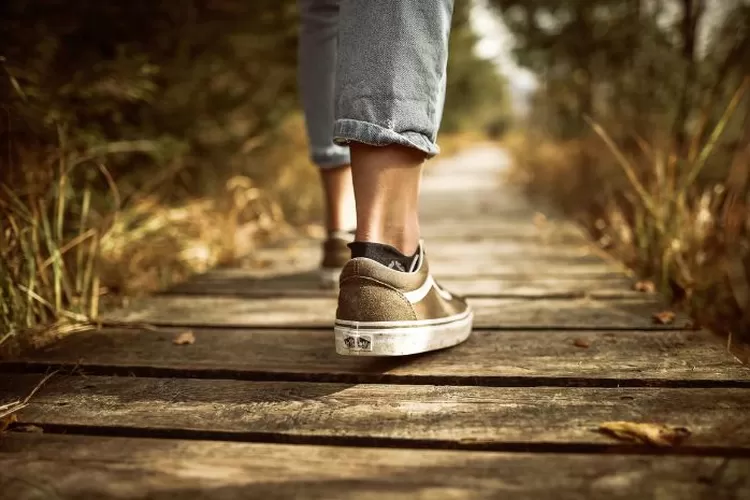 Ilustrasi jalan kaki. ( pexels / Tobi)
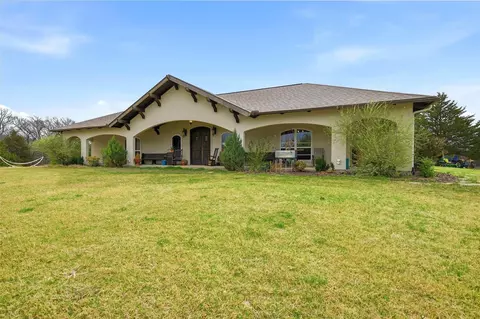 Exterior - 1959 Marlow Rd, Bells, TX 75414 photo 2 of 3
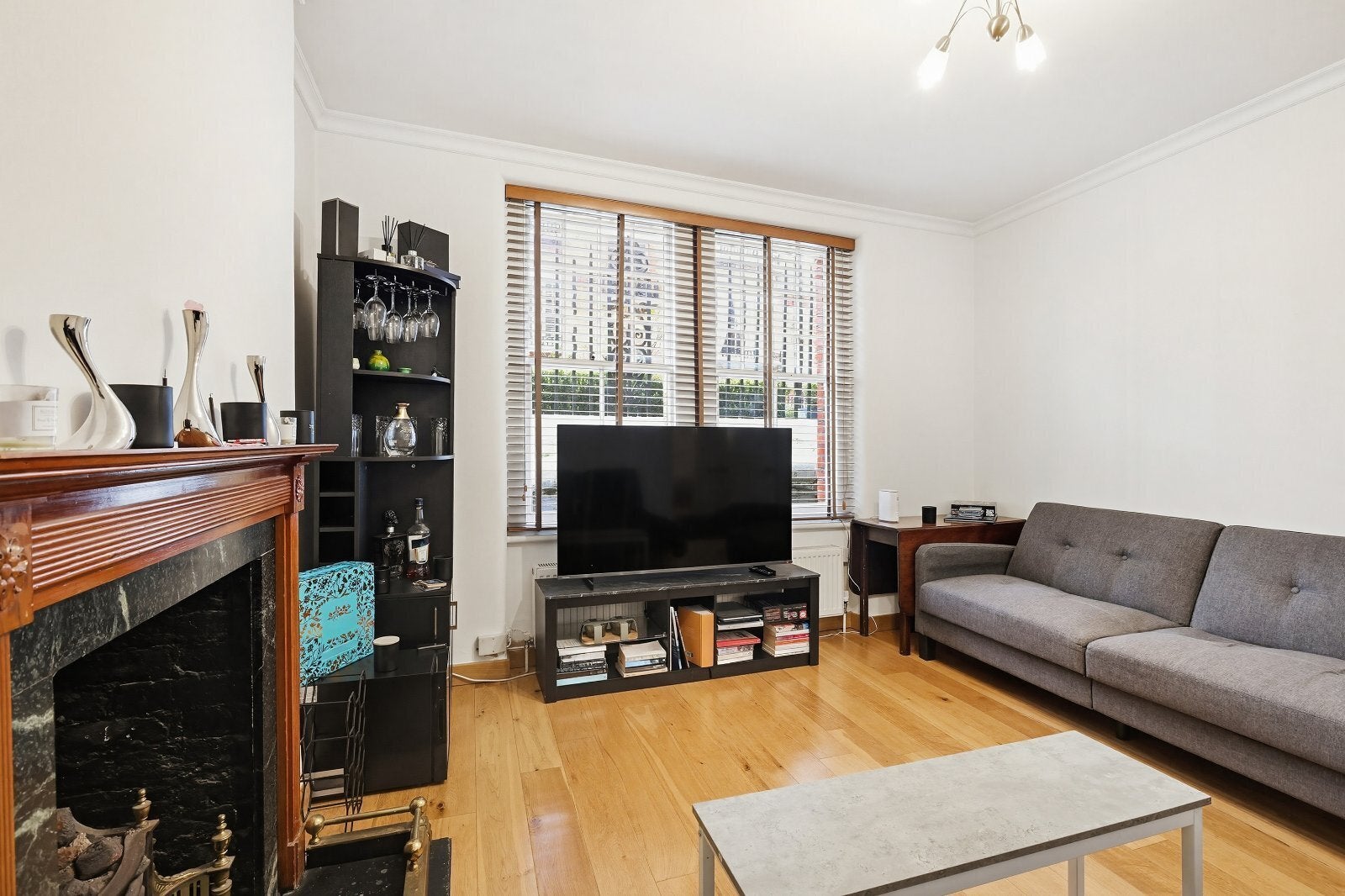 Flat Donne Place in Greater London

Work request: Without the pictures, repeat every line of the material above exactly.

Result below:
 Ilustrasi jalan kaki. ( pexels / Tobi)
 Exterior - 1959 Marlow Rd, Bells, TX 75414 photo 2 of 3
 Flat Donne Place in Greater London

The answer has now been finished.